** Required action **
The lines to return run from the one containing "Hausser-PAK 719 in" through the end of the material; give them exactly and leave out the pictures.

** Exercise data **
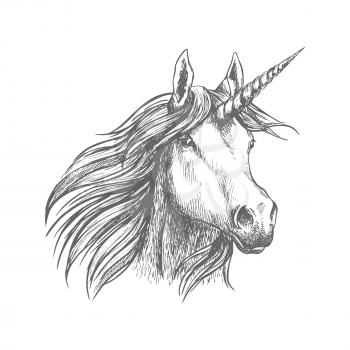 Unicorn sign. Mythical horse head with horn. Vector sketch simbol for sport, heraldic tattoo
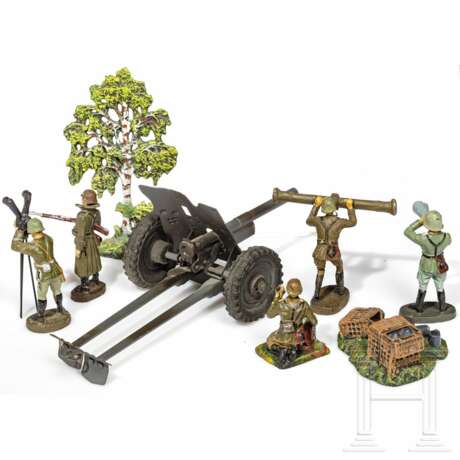 Hausser-PAK 719 in grau, fünf Elastolin-Soldaten, eine Geschossgruppe und ein Birkenbaum - photo 2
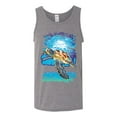 thumbnail image 2 of Swimming Sea Turtle Animal Lover Mens Graphic Tank Top, Heather Grey, X-Large, 2 of 3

** Completed exercise **
 Hausser-PAK 719 in grau, fünf Elastolin-Soldaten, eine Geschossgruppe und ein Birkenbaum - photo 2
 thumbnail image 2 of Swimming Sea Turtle Animal Lover Mens Graphic Tank Top, Heather Grey, X-Large, 2 of 3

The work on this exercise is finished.